以上のことから、三洋ブランドは、米国や中国においてはWalmartと国美電器への窓口という意味でその価値は言うまでもなく、その他の地域においてもローエンド・ブランドとして活用できる余地がある。パナソニックが自社でPDPや液晶パネルの工場を保有する限り、出荷先の間口は広げておく方が得策だと考えられる。

有機ELへの投資

 パナソニック社長の大坪氏は、大手メディア(日経BPなど)の取材において「テレビ向け有機ELパネル生産拠点への投資の可能性」を何度も言及してきた。同社は、研究所においてアクティブ型有機ELパネルの試作ラインを保有しており、低分子と高分子の両タイプの研究開発を進めていると見られる。ディスプレイ向けについては、中小型向けではなく大型向けでの参入可能性を示唆しており、その帰趨が注目されている。

 業界全体における第7世代以上の大型向けアクティブ型有機ELパネル工場への投資については、試作ラインへの投資はあっても、本格的な量産ラインの稼働はかなり後ろ倒しになる可能性が高い。このようにわれわれは見ている。プロセス・材料技術の未成熟、膨大な投資コスト、既存工場の余剰生産能力の存在などがあるためである。量産工場は、完全な新規工場ではなく、既存の第7~8世代の液晶パネル工場に酸化膜工程を導入する形が多くなると見る。EL工程については、低分子の蒸着や高分子のインクジェットなど様々な方式が試されることになるだろうが、最終的には量産時のコストで有利な高分子タイプが主流になる可能性が高いと見ている。

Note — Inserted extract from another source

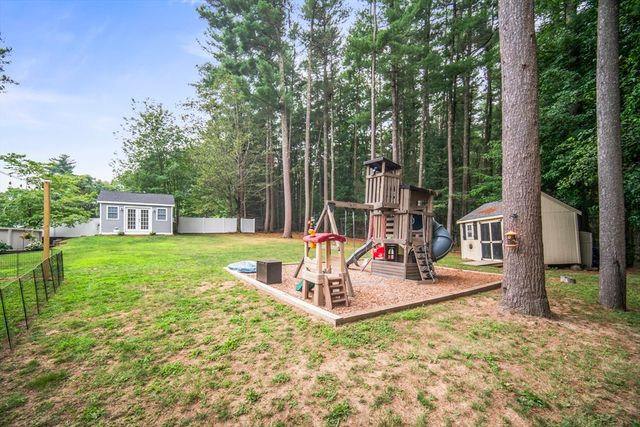 148 Rachel Dr, Taunton, MA 02780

 業界全体の量産時期の遅れは、即座の投資が難しいパナソニックにとってポジティブな流れであると、われわれは考えている。また上記の既存液晶パネル工場を再活用する流れも、同社が茂原工場と姫路工場を持っているため、これらの工場を再活用することによって投資コストを圧縮できる点でポジティブである。同社は、PDPや液晶パネルにおいて多額の減損処理を余儀なくされたことから、大胆な投資の実行に対する躊躇(ちゅうちょ)はあるだろうが、慎重を期しつつも絶好の機会を逸しない経営判断を望みたい。